# Description

Takes results of one case-study-based evaluation through Evaluator.exe and Preciser.exe and computes precision and recall.

### Imports

In [None]:
import pandas as pd
import numpy as np
from collections import defaultdict

# Settings

In [None]:
site = 'guardian' # 'webmd', 'walmart', 'guardian', 'cnn'
participants = ['P1', 'P2', 'P3', 'P4']
evaluation = 'gt-' + site
dataset_evaluation_dir = 'C:/GazeMiningDataset/Dataset_evaluation/case-study'
dataset_stimuli_dir = r'C:/GazeMiningDataset/Dataset_stimuli'

# Build up pathes
labels_screencasts_filepath = dataset_evaluation_dir + '/' + evaluation + '-screencasts.csv'
labels_stimuli_filepath = dataset_evaluation_dir + '/' + evaluation + '-stimuli.csv'
contrib_filepath = dataset_evaluation_dir + '/' + evaluation + '-contrib.csv'
events_filepath = dataset_evaluation_dir + '/' + evaluation + '-events.csv'
stimuli_dir = dataset_stimuli_dir + '/' + site + '/stimuli'

# Load dataset

In [None]:
# Load evaluator labels of stimuli
stimuli_df = pd.read_csv(labels_stimuli_filepath)

# Load evaluator labels of screencasts
screencasts_df = pd.read_csv(labels_screencasts_filepath)

# Load contribution (this tells one which frames as contained in the stimuli contributed to the element in the task)
contrib_df = pd.read_csv(contrib_filepath)

# Load events
events_df = pd.read_csv(events_filepath, header=None, names=['timestamp', 'type', 'event'])

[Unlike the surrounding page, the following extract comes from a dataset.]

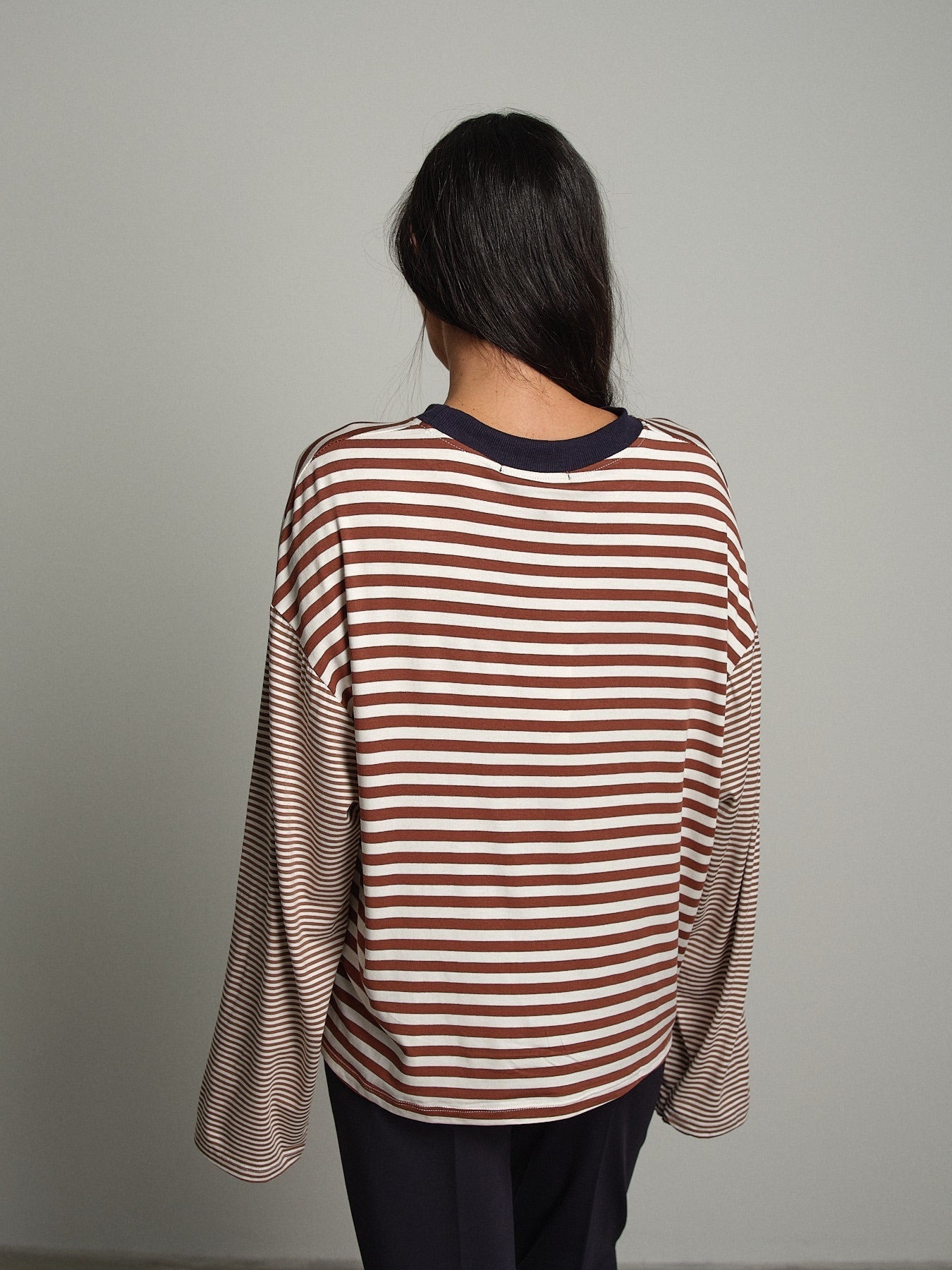 Maglia doppia riga Bruciato Haveone TXT-R025;Maglia doppia riga Bruciato Haveone TXT-R025 — foto 2;Maglia doppia riga Bruciato Haveone TXT-R025 — foto 3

# Process events for general information

In [None]:
mode_changes_df = events_df[(events_df.type == 'mode_change')]

# Get timestamps
start_ts = int(mode_changes_df[(mode_changes_df.event == 'mode_start')].timestamp)
videos_ts = int(mode_changes_df[(mode_changes_df.event == 'mode_videos')].timestamp)
stimuli_ts = int(mode_changes_df[(mode_changes_df.event == 'mode_stimuli')].timestamp)
end_ts = int(mode_changes_df[(mode_changes_df.event == 'mode_end')].timestamp)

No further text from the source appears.